- [Your objective]: The answer must be an exact copy of the lines from the one containing "开业招财猫二维码带音响创意摆件新店开业店铺酒店前台收银招财猫" through the end of the records, with the pictures left out.

+++ Record extracts

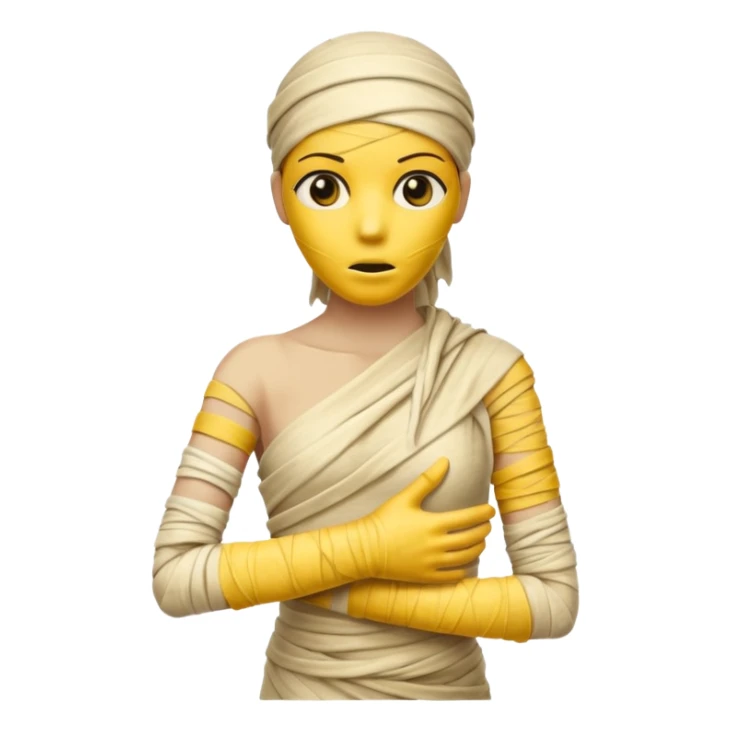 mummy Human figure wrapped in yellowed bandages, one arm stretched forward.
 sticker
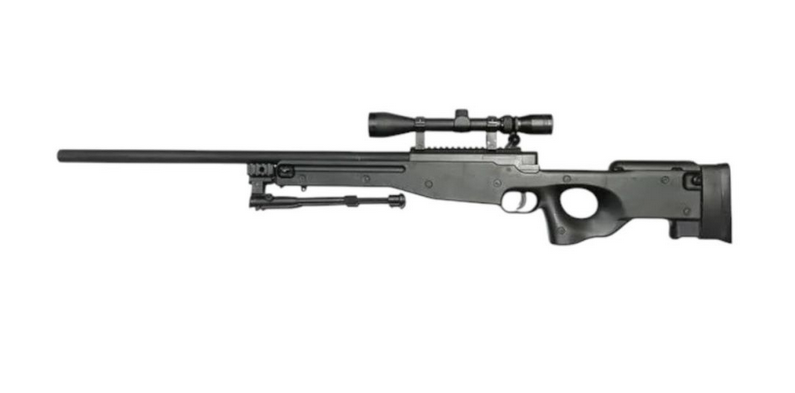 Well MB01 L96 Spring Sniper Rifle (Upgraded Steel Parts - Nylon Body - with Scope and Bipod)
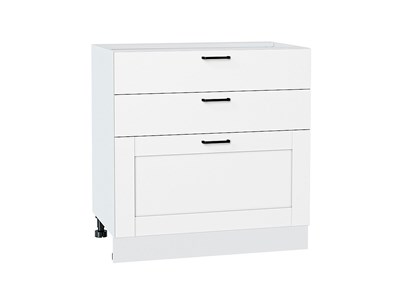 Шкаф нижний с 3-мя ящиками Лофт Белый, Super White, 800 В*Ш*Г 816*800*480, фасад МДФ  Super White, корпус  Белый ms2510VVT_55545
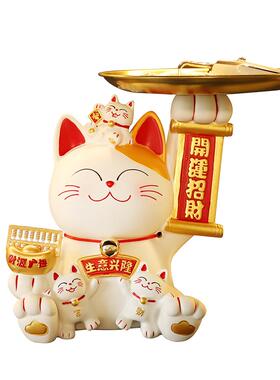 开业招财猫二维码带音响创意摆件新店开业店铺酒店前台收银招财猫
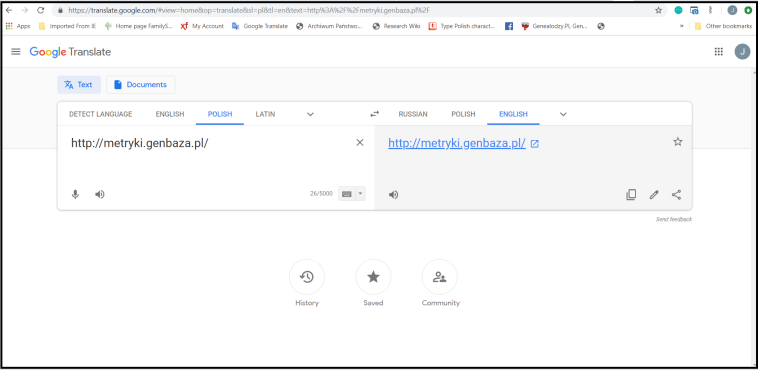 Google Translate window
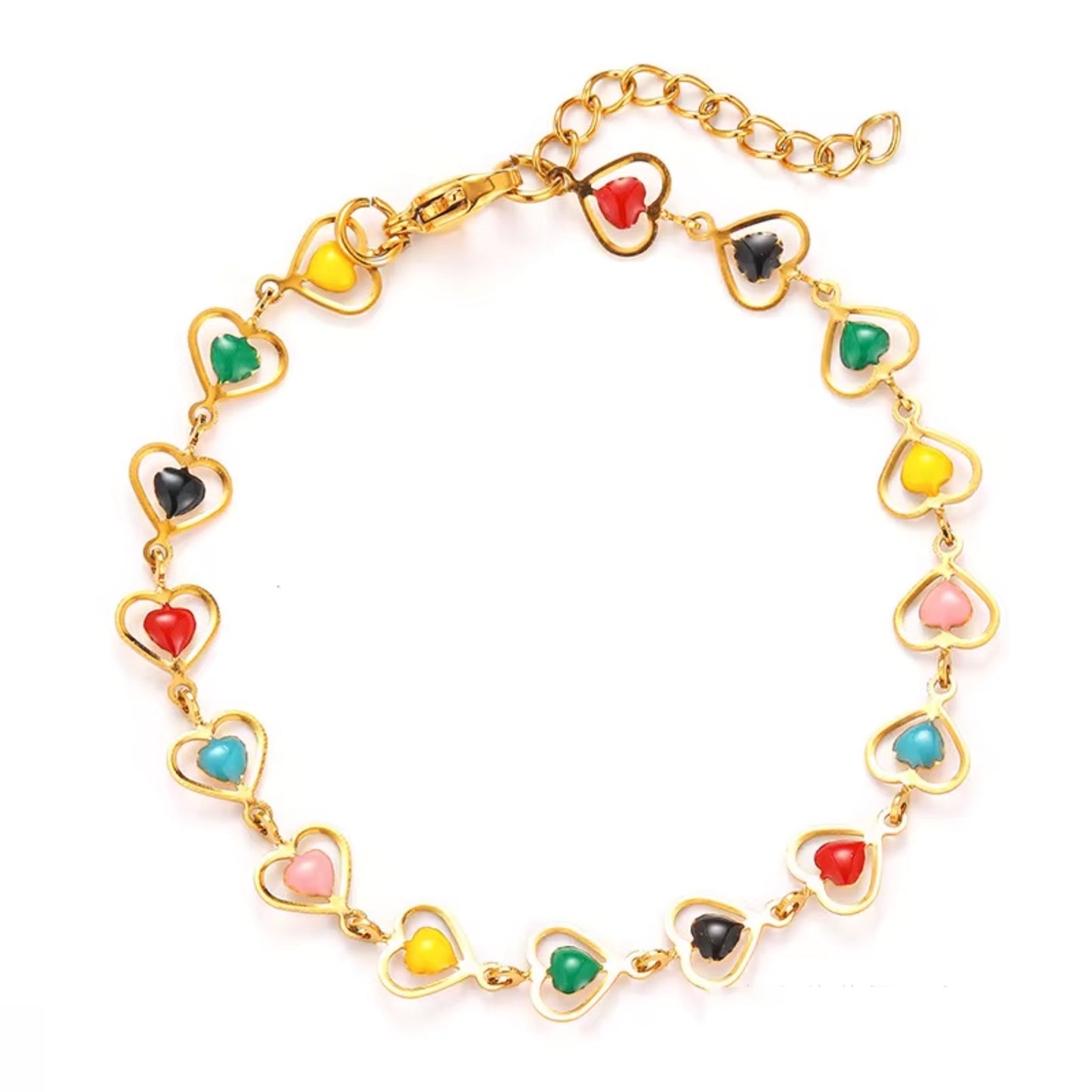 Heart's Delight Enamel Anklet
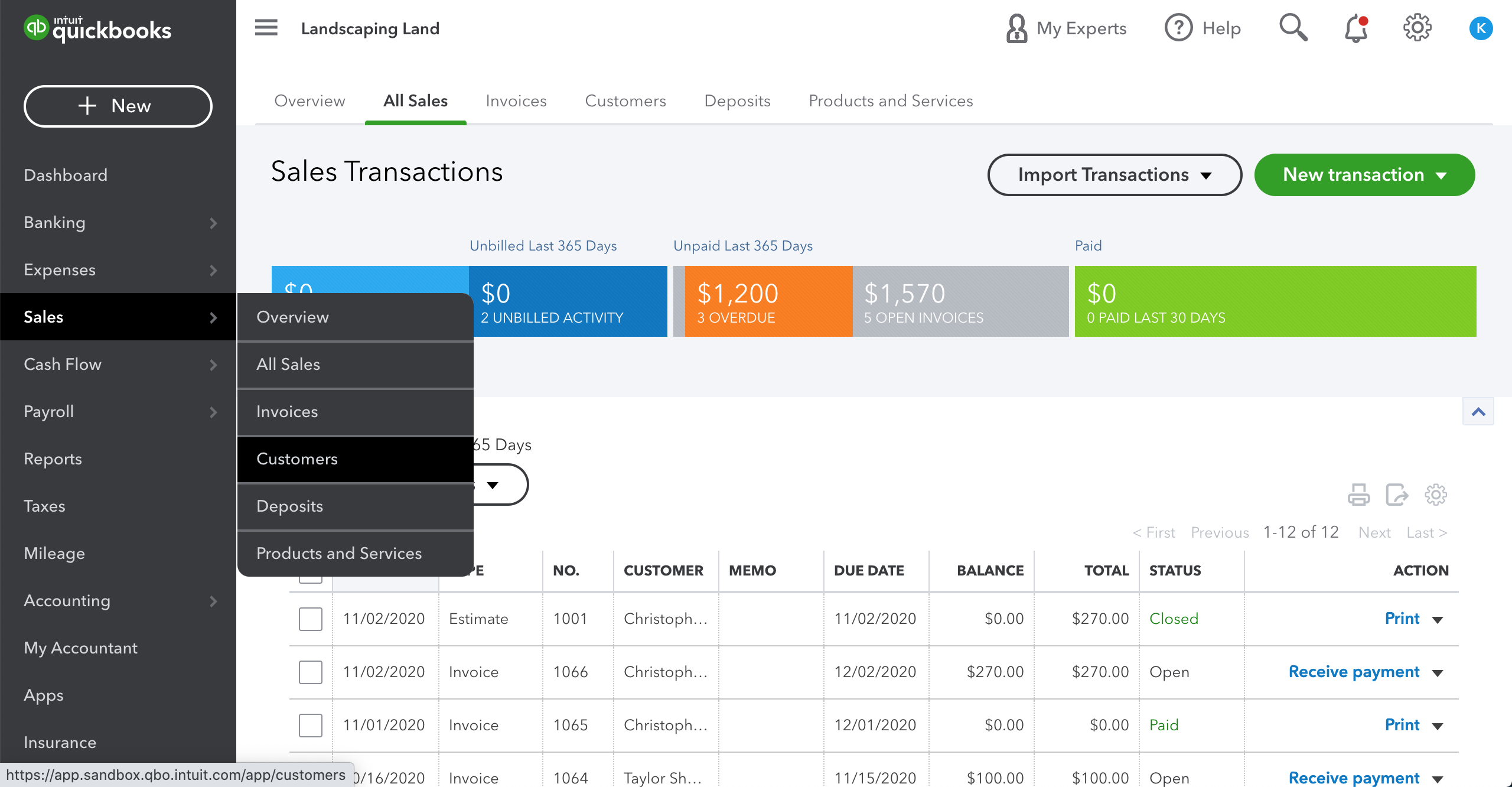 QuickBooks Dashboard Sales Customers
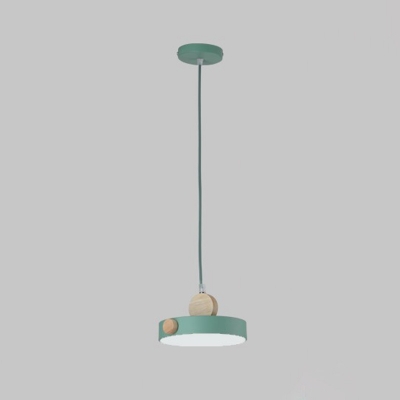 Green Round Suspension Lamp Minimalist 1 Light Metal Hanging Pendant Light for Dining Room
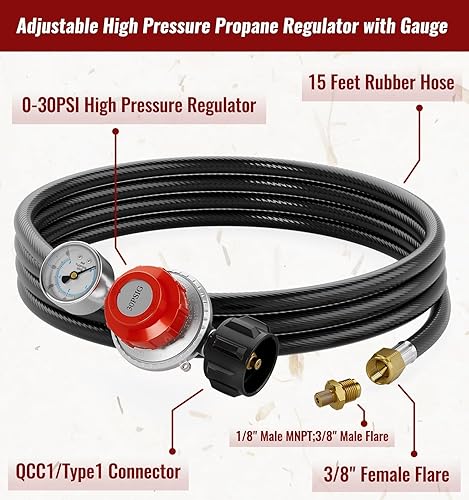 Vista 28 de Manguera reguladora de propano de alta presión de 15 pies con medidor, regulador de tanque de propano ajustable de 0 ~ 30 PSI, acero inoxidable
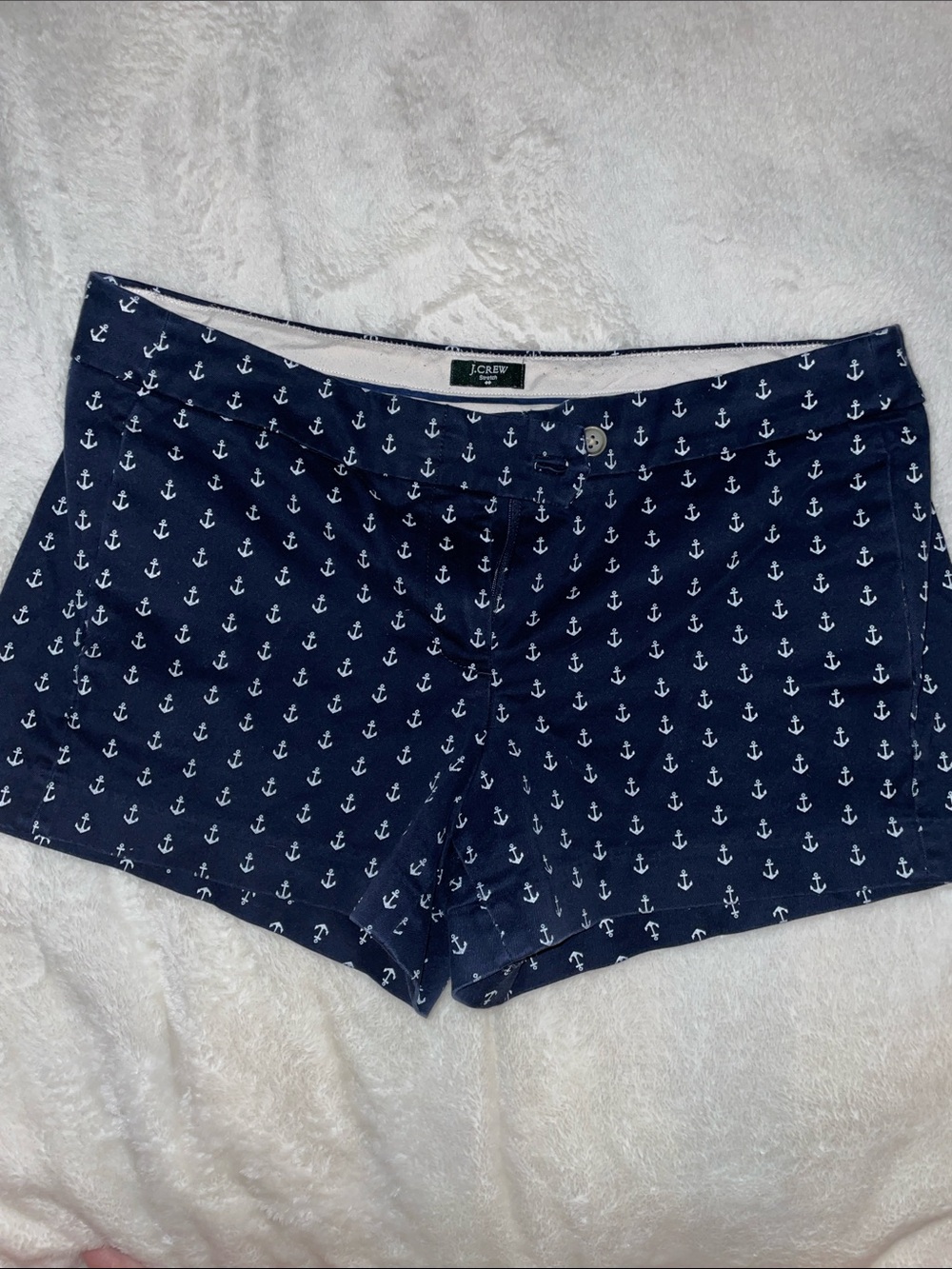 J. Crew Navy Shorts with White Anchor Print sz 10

++++++

- [Output below]:
 开业招财猫二维码带音响创意摆件新店开业店铺酒店前台收银招财猫
 Google Translate window
 Heart's Delight Enamel Anklet
 QuickBooks Dashboard Sales Customers
 Green Round Suspension Lamp Minimalist 1 Light Metal Hanging Pendant Light for Dining Room
 Vista 28 de Manguera reguladora de propano de alta presión de 15 pies con medidor, regulador de tanque de propano ajustable de 0 ~ 30 PSI, acero inoxidable
 J. Crew Navy Shorts with White Anchor Print sz 10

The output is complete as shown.